Understanding Fold_Left in Ocaml

Question

Your idea is correct, but your syntax for expressing it is wrong. This function:

# fun acc element -> let acc = element;;
Error: Syntax error

Isn't correct (as you've probably noticed).

To define a function that returns a value expr:

fun a b -> <expr>

Your expression should have the value b. So your function would look like this:

fun a b -> b

(With possible renamings.)

Another way to look at your problem is that when you use let as an expression, it needs an in. So you could write the function like this (though it's redundant):

fun a b -> let a = b in a

However, this form seems to be a result of thinking imperatively. You're not assigning a new value to a. You're just returning a value.

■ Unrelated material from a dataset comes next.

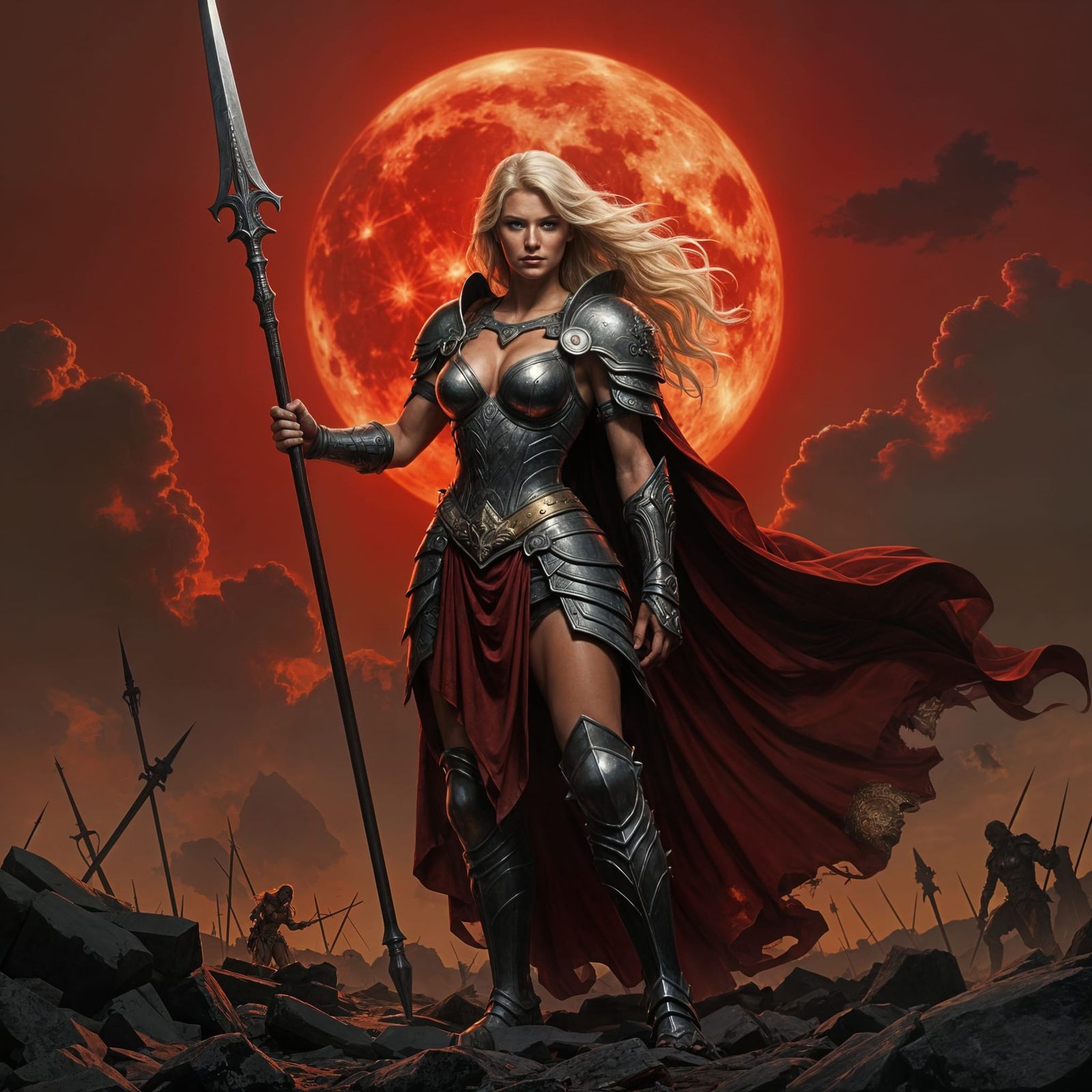 Hyperrealistic Valkyrie Warrior on Battlefield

The following function is completely identical; it just renames the second a to something else:

fun a b -> let zzz = b in zzz

Generally speaking in OCaml you want to give up the idea of assigning values to variables. They are immutable and can't change value (generally speaking).

Update

Here's a session showing that fun a b -> b will solve the problem.

$ ocaml
        OCaml version 4.00.1

# List.fold_left (fun a b -> b) 0 [2; 3; 4; 88];;
- : int = 88

One thing that's easy to forget is that you need to supply a starting value for the accumulator. One obvious choice is the first element of the list. (There must be a first element; an empty list doesn't have a last element.)